In fact, I don’t care much about IRAC, as I told my student. If it helps a student organize his thoughts, fine, but I certainly won’t discount an exam response because it doesn’t follow this formula. If anything, I often find legal writing a little too formulaic, squeezed into familiar patterns that take all life and personality out of the argument.

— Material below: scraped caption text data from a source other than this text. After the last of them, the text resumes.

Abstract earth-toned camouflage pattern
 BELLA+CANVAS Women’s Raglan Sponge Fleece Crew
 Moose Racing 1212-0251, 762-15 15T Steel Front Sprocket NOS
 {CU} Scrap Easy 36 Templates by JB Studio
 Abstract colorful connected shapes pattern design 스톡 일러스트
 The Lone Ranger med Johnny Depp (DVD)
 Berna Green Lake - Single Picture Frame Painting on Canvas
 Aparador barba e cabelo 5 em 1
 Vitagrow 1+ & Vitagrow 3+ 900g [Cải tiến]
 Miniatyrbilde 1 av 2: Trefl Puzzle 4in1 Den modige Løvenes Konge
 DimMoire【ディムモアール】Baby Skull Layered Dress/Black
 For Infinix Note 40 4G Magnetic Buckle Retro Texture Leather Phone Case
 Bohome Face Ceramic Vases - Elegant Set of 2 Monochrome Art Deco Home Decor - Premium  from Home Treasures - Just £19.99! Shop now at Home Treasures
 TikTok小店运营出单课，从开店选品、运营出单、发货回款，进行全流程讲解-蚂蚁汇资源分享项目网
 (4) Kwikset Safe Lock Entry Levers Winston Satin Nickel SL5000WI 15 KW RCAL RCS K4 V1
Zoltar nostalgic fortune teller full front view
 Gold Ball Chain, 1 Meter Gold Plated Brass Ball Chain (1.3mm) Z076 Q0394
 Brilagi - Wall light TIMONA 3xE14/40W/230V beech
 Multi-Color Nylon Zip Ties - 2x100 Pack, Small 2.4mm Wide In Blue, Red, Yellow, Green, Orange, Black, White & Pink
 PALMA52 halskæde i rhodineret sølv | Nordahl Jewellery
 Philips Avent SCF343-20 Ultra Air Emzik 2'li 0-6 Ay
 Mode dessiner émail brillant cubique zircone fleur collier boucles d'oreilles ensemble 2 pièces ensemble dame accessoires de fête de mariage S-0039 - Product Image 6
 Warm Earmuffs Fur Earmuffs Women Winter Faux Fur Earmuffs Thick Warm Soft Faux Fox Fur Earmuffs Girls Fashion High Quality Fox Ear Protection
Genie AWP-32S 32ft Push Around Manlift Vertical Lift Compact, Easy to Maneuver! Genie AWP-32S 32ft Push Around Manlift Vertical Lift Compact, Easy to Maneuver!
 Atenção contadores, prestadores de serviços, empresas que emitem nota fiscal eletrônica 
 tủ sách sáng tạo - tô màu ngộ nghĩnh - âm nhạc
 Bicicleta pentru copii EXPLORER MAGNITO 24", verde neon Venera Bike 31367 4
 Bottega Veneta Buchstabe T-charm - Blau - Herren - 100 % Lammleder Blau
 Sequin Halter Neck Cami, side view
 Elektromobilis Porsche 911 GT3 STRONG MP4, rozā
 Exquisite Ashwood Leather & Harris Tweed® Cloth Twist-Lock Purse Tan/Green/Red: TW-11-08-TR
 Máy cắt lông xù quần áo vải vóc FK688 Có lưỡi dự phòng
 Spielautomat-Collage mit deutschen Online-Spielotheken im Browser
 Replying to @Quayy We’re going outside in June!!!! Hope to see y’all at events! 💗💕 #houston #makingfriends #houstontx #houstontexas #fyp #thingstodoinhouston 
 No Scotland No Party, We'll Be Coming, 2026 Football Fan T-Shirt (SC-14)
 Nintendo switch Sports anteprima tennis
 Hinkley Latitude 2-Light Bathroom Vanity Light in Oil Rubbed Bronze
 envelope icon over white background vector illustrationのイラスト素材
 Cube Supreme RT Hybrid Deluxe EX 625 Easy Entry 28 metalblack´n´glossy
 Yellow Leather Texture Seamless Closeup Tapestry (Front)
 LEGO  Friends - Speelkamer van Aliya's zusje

IRAC came to mind again today as I read the sad documents on civilian claims for deaths in Iraq, documents recently released to the ACLU pursuant to a Freedom of Information Act request and now available on the ACLU website. The documents are indeed “deeply disturbing,” but it’s hard to pinpoint exactly what is so troubling about them. It’s not just that they make evident “the human costs of war,” as the ACLU puts it, though they do accomplish that. We already knew Iraqi civilians were dying, even if we didn’t and don’t know just how many. And it’s not that the U.S. government is wholly unresponsive to these deaths. Many (not all) of the files authorize cash compensation to surviving family members. Better $4000 for the loss of one’s 9-year-old son than nothing. And the documents often evoke sympathy not only for the family members, but for the service members involved, like this one that describes a distraught and angry soldier crying near the body of a boy that one of her colleagues has just killed. No, the message of these documents is something more complicated than the familiar claim that war is brutal and violent. One especially disturbing aspect of the documents is the way in which these efforts to make war a little less costly to civilians ends up reducing tragic deaths to bureaucratic forms and mechanical legal analysis. Indeed, at least one document contains IRAC analysis to make any legal writing teacher proud:

The issue presented is whether claimant may receive compensation for the death of his father, his mother, his brother, and 32 sheep’s.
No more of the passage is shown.